Mr Keff Hui, a broker at Mortgage Supermart Singapore, noted that an 0.85 per cent spread used to be the market rate but some banks had lowered it to attract customers.

Another client on a one-month Sibor said: "Sibor is already variable and has gone up by 100 per cent year on year. How can the spread be variable too?"

Finance industry experts say reviewing spreads is standard bank practice, but in practice, changing the spread during the loan period is uncommon.

The Straits Times understands that banks such as United Overseas Bank and OCBC Bank have not increased the spreads. A DBS Bank spokesman said DBS and POSB have not varied spreads while under an existing agreement with customers.

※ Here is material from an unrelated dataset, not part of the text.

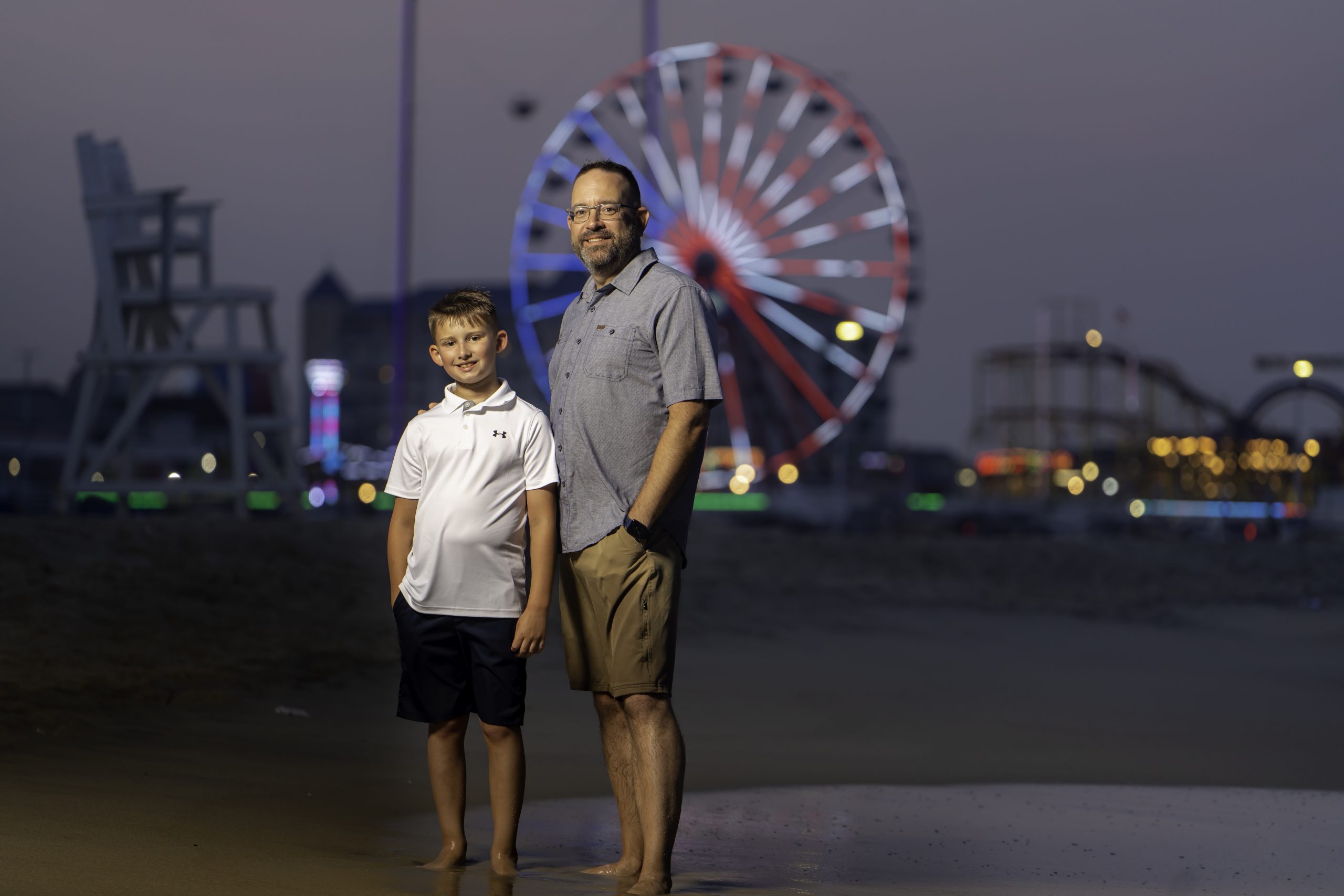a man and boy standing on the beach in front of a ferris wheel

He said an 0.85 per cent spread used to be the market rate but some banks have lowered it to attract customers.

Customer Mr Lee said: "I will have to pay $200 to $300 more a month, but the amount is not significant. It's about how the bank can do this to customers."

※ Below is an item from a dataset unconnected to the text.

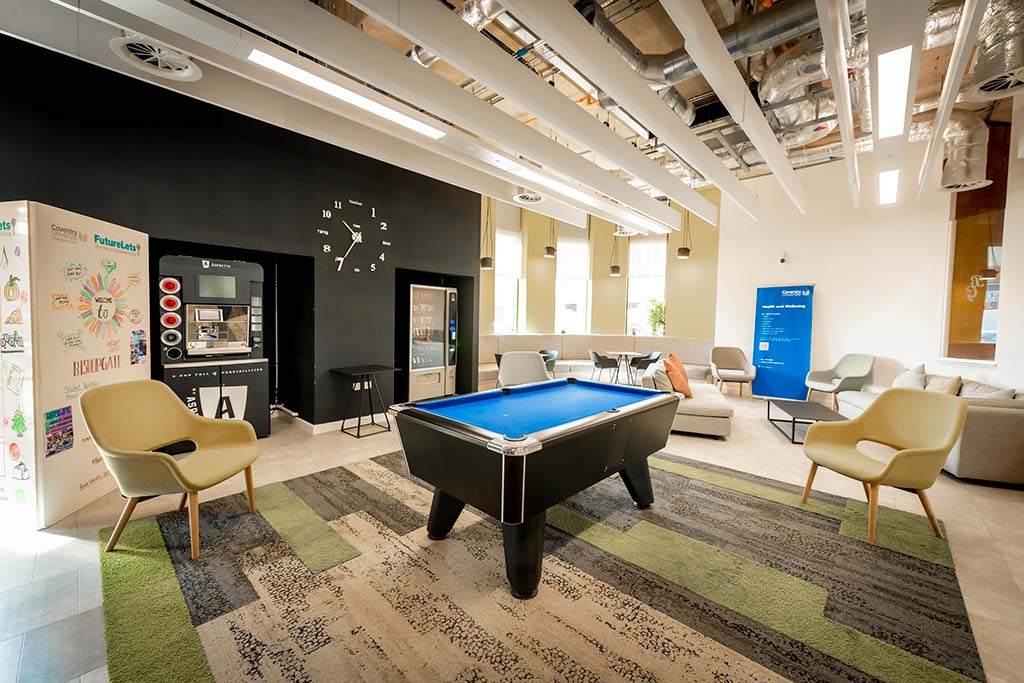 Pool table and chairs in an open plan space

Mr Seah Seng Choon, executive director of the Consumers Association of Singapore, said: "We are of the view that the banks should justify such rate changes clearly to the affected consumers. Such changes will not be fair to consumers if there is no justification to do so."

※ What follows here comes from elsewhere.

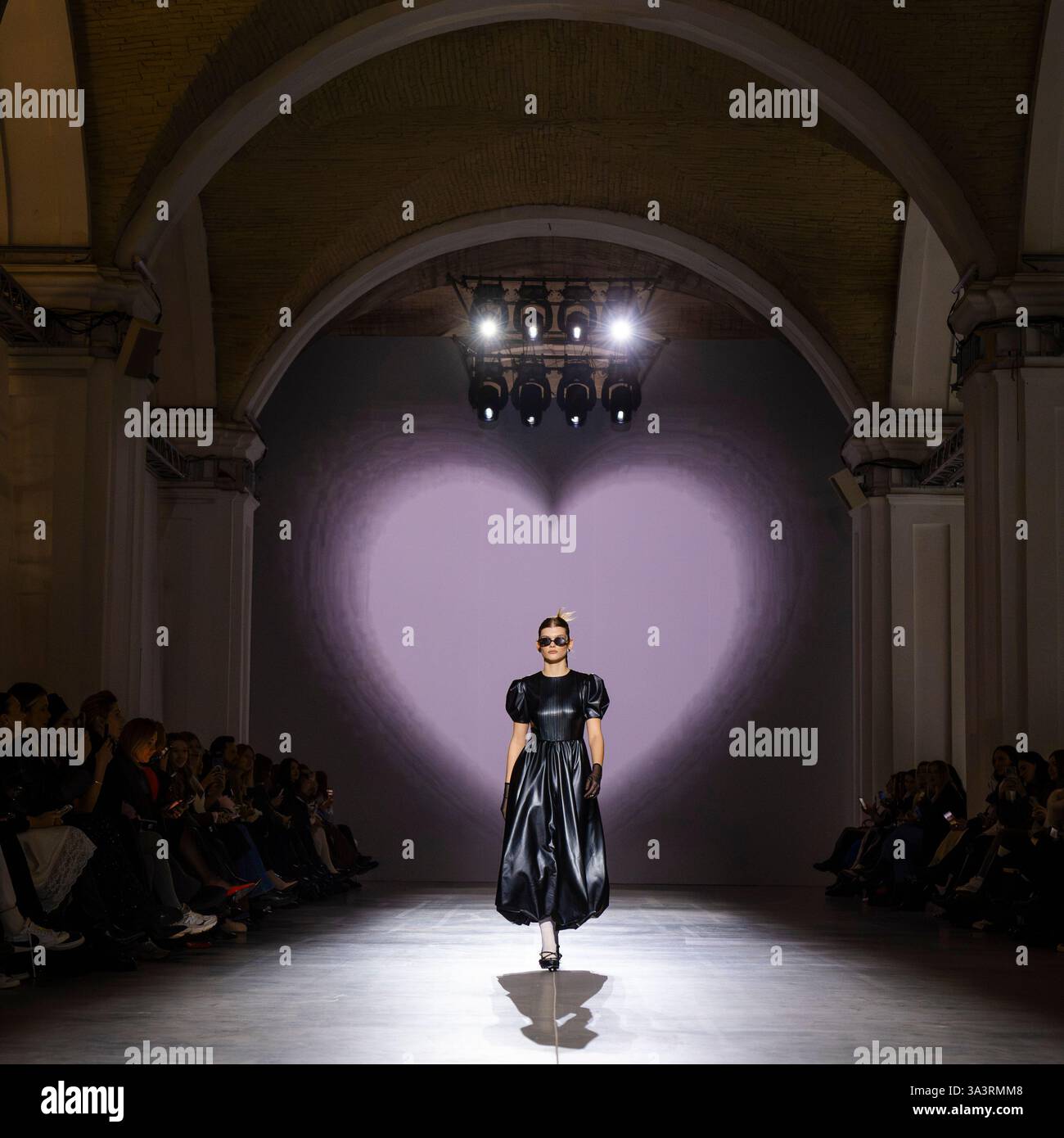 Kyiv, Ukraine - 14th February, 2025. A model showcases a stunning black ensemble with a puff-sleeved silhouette, reflecting modern elegance amid a hea Stock Photo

Citibank said it undertook "careful consideration of factors including prevailing market conditions" before making the move.

The Monetary Authority of Singapore (MAS) said it does not regulate the setting of interest rates but the banks must provide clear and relevant information on products and services, said a spokesman, adding that MAS has asked Citibank to review the customer feedback received.

Mr Peng said all the terms and conditions have been carefully outlined and that interest-rate definitions are clearly stated.

He encouraged affected customers to contact the bank, adding that any decision they make regarding their loans will not be bound by any penalty or fees.